Da qualche anno negli Stati Uniti le statue «politicamente scorrette» - in particolare quelle dei generali della Confederazione defunta nel lontano 1865 e del povero Cristoforo Colombo - vengono giù come le olive durante la bacchiatura, perdono letteralmente la testa, imbrattate, buttate tra le onde o gettate nelle discariche. Tutto ha avuto inizio a Baltimora nel 2017, quando il sindaco Catherine Pugh rimosse di notte e in tutta fretta la statua del generale Lee tirandola giù dal piedistallo dal quale per oltre 130 anni aveva scrutato la metropoli.
La follia è proseguita poi in altre città grandi e piccole. All'inizio del 2020, dopo la morte dell'afro-americano George Floyd e l'incattivirsi della mobilitazione anti Trump, l'ondata si è trasformata in uno tsunami che nulla risparmia. A Dallas è stato necessario proteggere con un robusto cordone di sicurezza il Cimitero della Guerra Civile, il sacrario dei caduti locali della Confederazione, assalito dai militanti «antirazzisti» decisi a prendersela anche con lapidi e monumenti funebri. È la cancel culture, un'ondata d'iconoclastia amplificata dal movimento Black lives matter. Nel mirino dei cancellatori - appoggiati fragorosamente dal partito democratico e da quasi tutti i media - sono finite statue, bandiere, quadri, strade, feste, tradizioni.
Basta con i monumenti, interdette le bandiere, le festività (compreso l'incolpevole Colombus day). Persino Via col vento - nonostante l'Oscar a Hattie McDaniel, prima donna di colore a vincere il premio - è finito dietro la lavagna. Poi la caccia è continuata nelle università: proibiti Shakespeare, Euripide, Eschilo, Kipling, Dante e ogni altro autore «scorretto». L'obiettivo è ripulire l'immondo passato per trasformare il mondo in una pagina bianca e ripartire da un imprecisato anno zero della purezza.

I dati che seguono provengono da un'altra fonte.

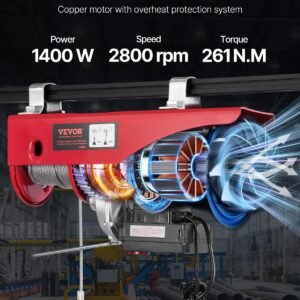 Electric Hoist Crane Winch 2200 Lbs 328 Ft Wireless & 14 Ft Wired Remote - Image 4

Lo stesso stile e il medesimo obiettivo delle dittature comuniste e delle teocrazie più cupe. Per fortuna, qualcuno ragiona e reagisce. È il caso dello stato dell'Alabama, il cuore profondo di Dixie. Già nel 2017 il Senato locale aveva varato, per merito del repubblicano Gerard Allen, il Memorial Preservation Act, una legge che vietava esplicitamente «il trasferimento, la rimozione, l'alterazione o qualsiasi altra forma di danneggiamento contro i monumento esistenti da 40 anni o più». Perle amministrazioni comunali che non rispettavano le norme era prevista una multa una tantum di 25.000 dollari. Un segnale forte che però non ha scoraggiato gli iconoclasti e i loro sponsor politici.

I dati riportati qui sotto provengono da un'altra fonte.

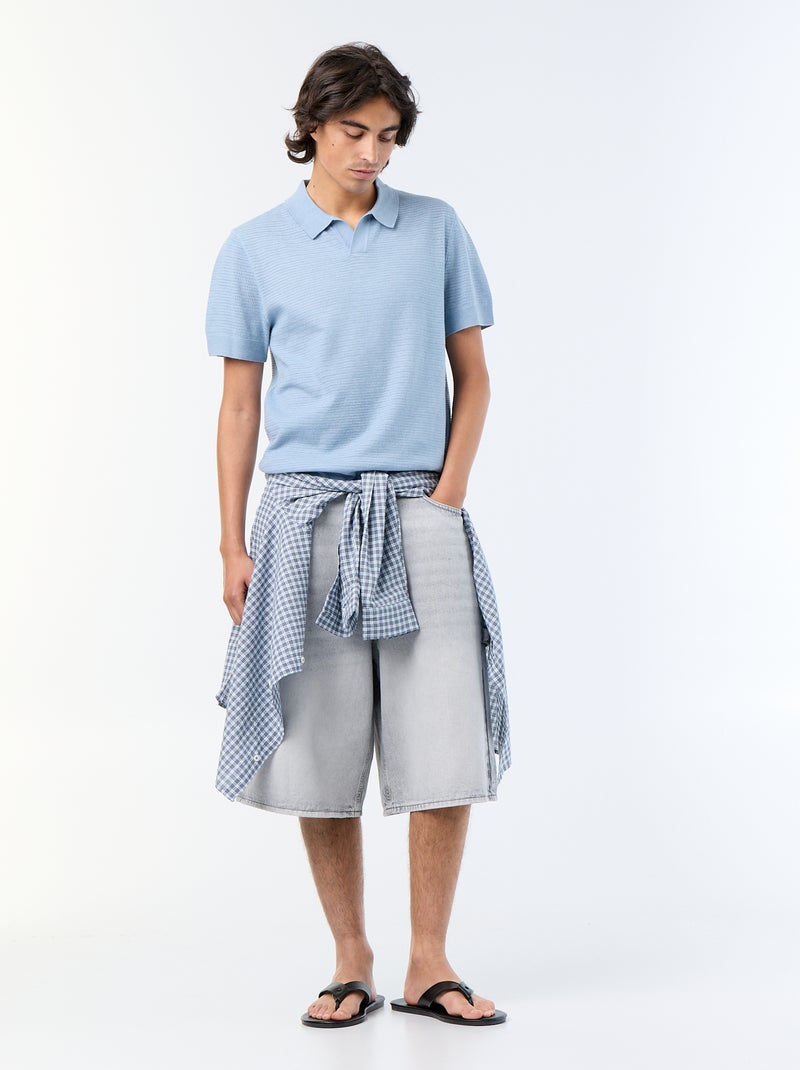 Kurzarm-Polo mit Ajourmuster Blau - Kiabi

Nonostante la legge, hanno perseverato nella crociata, abbattendo in questi anni altri dodici monumenti. Ma il senatore Allen è un tipo tosto ed è tornato alla carica con un nuovo disegno di legge che prevede multe salatissime per chiunque (amministratori o manifestanti) rimuova «il patrimonio monumentale»: 5000 dollari di multa per ogni giorno che passa prima che l'installazione sia ripristinata «in ottimo stato». In più, se la statua viene danneggiata durante una rivolta o un «raduno illegale», il reato diventa un crimine di classe B con una pena prevista di 20 anni di carcere.

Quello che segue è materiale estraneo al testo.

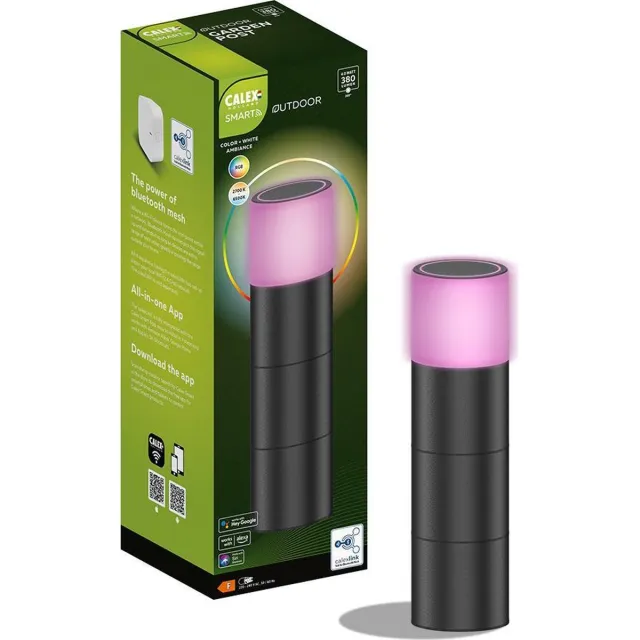 Calex Smart Outdoor LED Buitenlamp - Slimme Grondspot - Sokkellamp RGB en Warm Wit Licht- 4W - Zwart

Martedì scorso, con un solo voto contrario, il progetto è stato approvato dalla commissione per gli affari governativi dello Stato. Il prossimo passo sarà nell'aula del Senato, dove i democratici hanno promesso battaglia. Ma Gerard Allen non demorde e si dichiara ottimista al punto da proporre agli avversari l'erezione a Selma di una statua per il defunto leader afroamericano John Lewis. Un ramoscello d'ulivo in una mano guantata.